Thank you Sally. It is extremely important to understand what the lesson is. For instance, if you are trying to slow a horse’s canter down by circling, that’s ALL you do: circle. Don’t micro-manage the way the horse does the circle or you will lose the lesson. You add and refine later, but it’s important that you get the lesson: slow the canter. But I see this time and time again – people slow the canter and immediately take a hold of the face or force the horse into a frame or try to make a perfect circle. Training is simple. We humans must learn to keep it simple, and to honor that simplicity as the best and fastest way to improvement.
Thanks for all the info! I’m not involved with that trainer or his filly anymore, as I left the barn at the beginning of summer because the trainer’s ego and attitude towards training and treating horses made me uncomfortable to keep my horse there. (and the facility sucked) I never liked many of his training methods… although that filly did respect him more after a while because he didn’t put up with her attitude, running her hard like he did and rushing her training was not necessary…
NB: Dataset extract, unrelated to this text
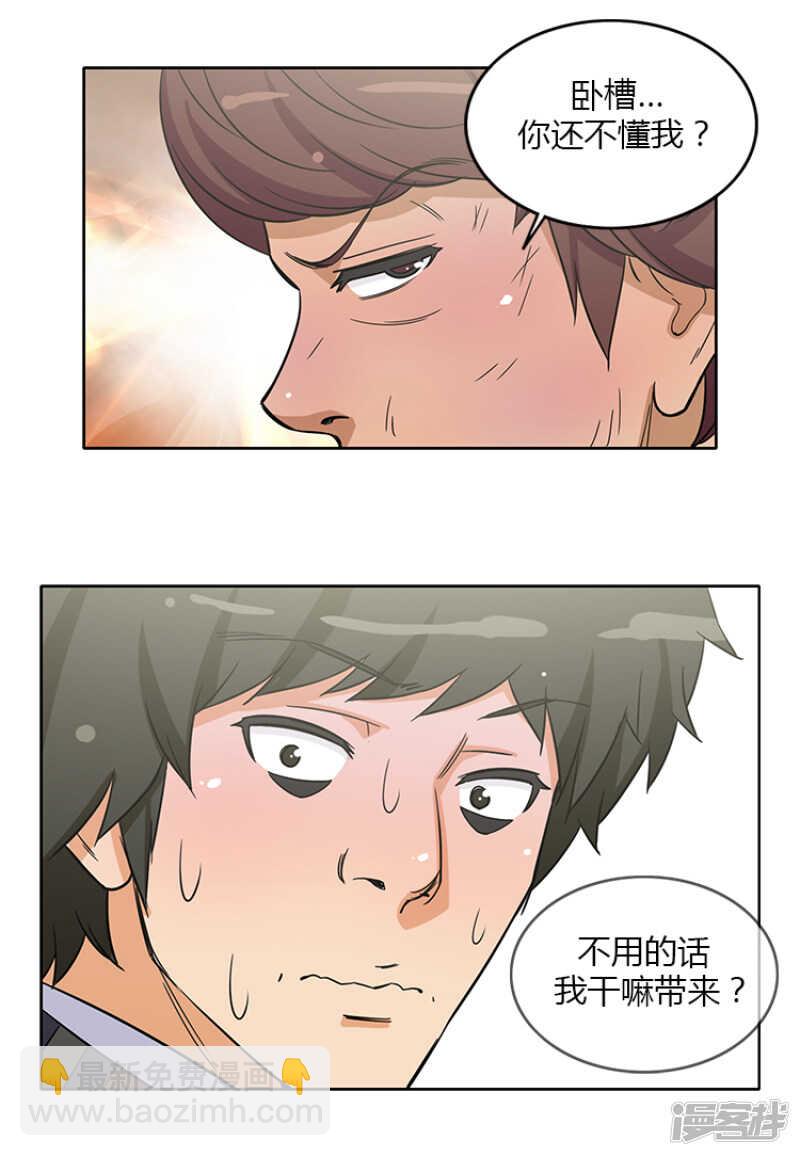 《女汉子调教记》150.无谓的挣扎 第4页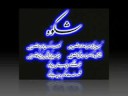 Shikwa Aziz Mian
But if I ever encounter a horse that is really bad to bit for whatever reason I’ll take all your advice! The way you train horse’s to accept the bit is very similar if not exactly the same way I’ve helped friends bit their horses. My one friend rides an arab gelding that was bought back from people who allowed him to get away with murder and had all sorts of bad habits, and it only took a week of practicing with the bridle to get him back to the way he was.
I own a Trakehner gelding who was bad to bit when I first started riding him, but his bridle was too small so I borrowed a bigger one, and it took a few lessons everyday with me, barely 5ft high at the time, (I was 16 and still growing a little) hanging onto this 16hh-4-year-old horse’s neck as his head went into the clouds to get him accepting it. Eventually once he realised I wasn’t going anywhere he would open his mouth for the bit and I would give him a cookie or something. What really got him opening his mouth easily was dipping the bit in molasses once his head tossing was fixed, and now I barely have to poke his lip and he opens his mouth. :)
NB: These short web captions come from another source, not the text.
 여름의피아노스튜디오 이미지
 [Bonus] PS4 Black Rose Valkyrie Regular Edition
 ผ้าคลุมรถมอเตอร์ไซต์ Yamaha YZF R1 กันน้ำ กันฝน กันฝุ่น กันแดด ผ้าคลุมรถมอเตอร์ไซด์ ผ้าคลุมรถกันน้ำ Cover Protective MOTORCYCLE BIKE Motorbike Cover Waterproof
Thanks for all the info, I love your blog!!
very nicely explained 💜
Thank you Michelle!
can you put molasses on the bit to be a kind of treat or is that counter productive?
Not something I would do, but I do use treats with all my horses. That way, they’re not uncomfortable with my hands near their face, and treats ask the horse to move into your hand, not the opposite. Once that trust is established, you can move your fingers through their mouths and get them used to that. I have seen the molasses method used where it worked, but the mess involved was not worth it for this trainer to do a second time. Most times the horse simply refuses the bit regardless of the taste, and ends up with molasses on both horse and trainer! The establishment of acceptance of hand to muzzle will always be your best training.